Di antara teknik yang paling layak, "memindai dan menyalin" menonjol, yang terdiri dari pemeriksaan secara rinci struktur otak yang diawetkan, menggunakan metode seperti mikroskop elektronik.
Tujuan dari analisis ini adalah untuk mendapatkan semua data tentang pikiran yang dievaluasi, memungkinkan replikasinya di luar tubuh manusia.
Perdebatan seputar topik ini
Pemisahan pikiran dan tubuh adalah masalah sensitif bagi sebagian besar akademisi. Bagi banyak orang, kedua bagian itu saling berhubungan dan hanya bekerja bersama.
Selain itu, perdebatan filosofis tentang etika prosedur ini muncul, seperti yang terjadi pada penelitian jenis lain, seperti kloning manusia.

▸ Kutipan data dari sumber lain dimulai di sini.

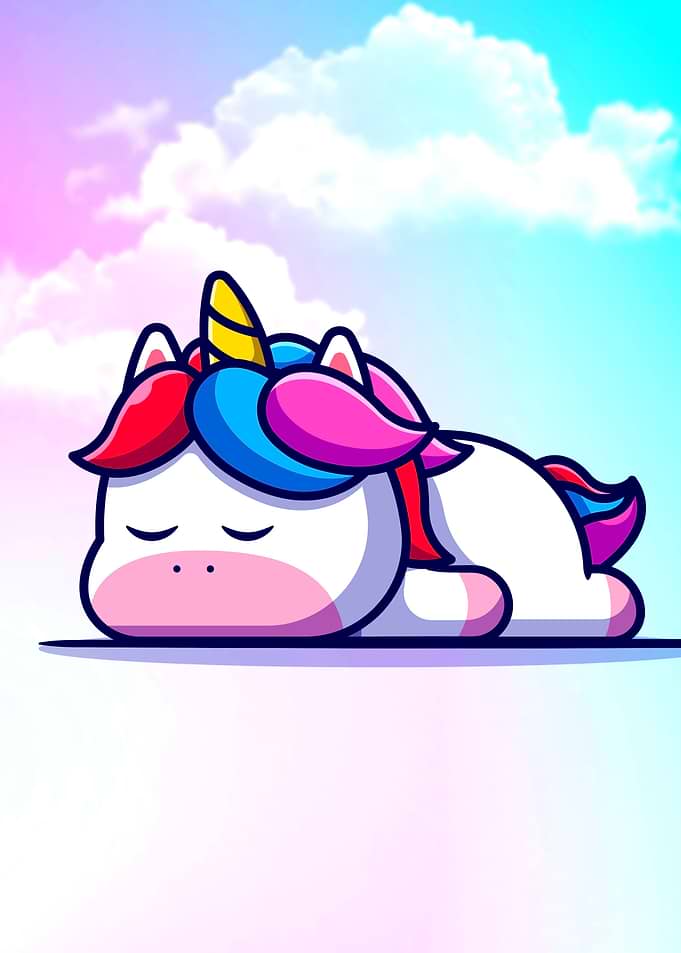 Unicorn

Bagaimanapun, meskipun menjadi kenyataan yang mungkin terjadi, digitalisasi dan penyalinan pikiran manusia masih muncul dalam undang-undang, memperlihatkan kebutuhan untuk membuat aturan khusus untuk memandu jenis penelitian ini aman.
Hal ini, pada gilirannya, menimbulkan diskusi tentang apa yang disebut “hak saraf” dan konsep baru lainnya yang muncul di universitas dan dalam debat publik secara keseluruhan.